The type parameters passed to the Query
methods indicate both the type contained in the enumerable and the type to create and return.
public static IEnumerable<TResult> Query<TSource, TResult>
(this IEnumerable<TSource> enumerable, string sql)
Subselection
For a query that will return the same type as passed in, both TSource
and TResult
will be the same. There is an overload for this case that only takes one type parameter.
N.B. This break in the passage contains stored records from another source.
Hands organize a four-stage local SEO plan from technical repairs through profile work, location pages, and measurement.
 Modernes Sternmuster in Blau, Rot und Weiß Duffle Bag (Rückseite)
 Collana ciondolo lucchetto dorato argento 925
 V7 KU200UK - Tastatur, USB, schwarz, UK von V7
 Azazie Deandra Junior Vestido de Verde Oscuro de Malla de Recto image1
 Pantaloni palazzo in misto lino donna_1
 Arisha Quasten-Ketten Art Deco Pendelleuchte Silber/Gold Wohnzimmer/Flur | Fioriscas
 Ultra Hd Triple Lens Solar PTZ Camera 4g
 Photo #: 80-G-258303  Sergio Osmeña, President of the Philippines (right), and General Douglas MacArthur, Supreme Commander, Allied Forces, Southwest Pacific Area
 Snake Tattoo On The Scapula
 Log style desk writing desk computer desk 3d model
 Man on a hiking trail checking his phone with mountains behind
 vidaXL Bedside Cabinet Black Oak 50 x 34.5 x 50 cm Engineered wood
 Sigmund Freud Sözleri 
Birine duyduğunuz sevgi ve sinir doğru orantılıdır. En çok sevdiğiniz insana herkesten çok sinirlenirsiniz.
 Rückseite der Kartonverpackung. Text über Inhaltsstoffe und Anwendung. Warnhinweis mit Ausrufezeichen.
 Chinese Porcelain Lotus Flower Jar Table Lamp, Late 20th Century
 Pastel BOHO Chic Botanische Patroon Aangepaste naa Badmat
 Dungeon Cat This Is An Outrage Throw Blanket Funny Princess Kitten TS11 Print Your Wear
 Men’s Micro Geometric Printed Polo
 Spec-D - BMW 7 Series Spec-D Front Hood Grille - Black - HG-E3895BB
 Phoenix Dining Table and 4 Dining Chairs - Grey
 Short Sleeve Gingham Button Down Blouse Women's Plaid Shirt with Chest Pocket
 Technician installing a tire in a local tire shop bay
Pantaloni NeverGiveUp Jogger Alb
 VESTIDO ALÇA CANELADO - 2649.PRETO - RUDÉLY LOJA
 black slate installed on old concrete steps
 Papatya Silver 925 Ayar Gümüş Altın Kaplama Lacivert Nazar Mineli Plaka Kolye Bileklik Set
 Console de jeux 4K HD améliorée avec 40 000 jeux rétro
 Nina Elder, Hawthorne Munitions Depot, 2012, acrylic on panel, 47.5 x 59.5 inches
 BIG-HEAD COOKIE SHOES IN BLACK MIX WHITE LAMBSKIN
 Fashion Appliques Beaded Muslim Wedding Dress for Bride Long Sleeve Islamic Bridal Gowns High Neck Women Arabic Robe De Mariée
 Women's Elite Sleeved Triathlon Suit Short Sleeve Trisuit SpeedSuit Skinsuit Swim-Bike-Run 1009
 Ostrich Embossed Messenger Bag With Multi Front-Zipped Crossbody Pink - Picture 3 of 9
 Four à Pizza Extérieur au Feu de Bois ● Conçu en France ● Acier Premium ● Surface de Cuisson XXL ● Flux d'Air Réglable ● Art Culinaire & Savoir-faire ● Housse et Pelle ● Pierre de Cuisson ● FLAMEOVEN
IEnumerable<int> source = TestData.GetInts();
IEnumerable<int> result = source.Query<int>("SELECT * FROM this WHERE value() > 3");
In this case, the selector is a simple identity lambda:
public static Expression<Func<TSource, TResult>> CreateIdentitySelector<TSource, TResult>()
{
ParameterExpression arg = Expression.Parameter(typeof(TSource), "arg");
return Expression.Lambda<Func<TSource, TResult>>(arg, arg);
}
Single Properties
For selecting single properties from the source type, a lambda is created that returns the value of that property from each source object. This doesn't require the creation and initialization of new objects:
IEnumerable<Person> source = TestData.GetPeople();
IEnumerable<int> result = source.Query<Person, int>("SELECT Age FROM this WHERE age > 40");
...
public static Expression<Func<TSource, TResult>>
CreateSinglePropertySelector<TSource, TResult>(string propertyName)
{
ParameterExpression param = Expression.Parameter(typeof(TSource), "item");
return Expression.Lambda<Func<TSource, TResult>>(
Expression.PropertyOrField(param, propertyName), param);
}
Multiple Properties
Returning multiple properties requires creating new instances of TResult
and populating them with the result data. There are three approaches to doing this.
In most cases, it is expected that the return type has read/write properties for each of the fields in the SELECT
statement. In this case, if the source property name is not the same as the result property, the AS
keyword can be used to map the two. In the example below, the Person
class has a property named Address
, while OtherPerson
has Location
:
var result = source.Query<Person, OtherPerson>("SELECT name, address AS location FROM this")
...
public static Expression<Func<TSource, TResult>> CreateMemberInitSelector<TSource, TResult>
(IEnumerable<string> sourceFields, IEnumerable<string> resultFields)
{
ParameterExpression arg = Expression.Parameter(typeof(TSource), "arg");
var bindings = new List<MemberAssignment>();
int i = 0;
foreach (string field in resultFields)
{
MemberInfo member = typeof(TResult).GetPropertyOrField(field);
MemberExpression memberExpression =
Expression.PropertyOrField(arg, sourceFields.ElementAt(i++));
bindings.Add(Expression.Bind(member, memberExpression));
}
var init = Expression.MemberInit(Expression.New(typeof(TResult)), bindings);
return Expression.Lambda<Func<TSource, TResult>>(init, arg);
}
As a side note: all property names are evaluated in a case insensitive fashion. If TSource
or TResult
has Property
and property
, exceptions will be thrown.
A special selector is created for the Tuple
type which has a constructor that takes an argument for each constituent property. The order of fields in the Select
statement must match the order of arguments in the constructor declaration.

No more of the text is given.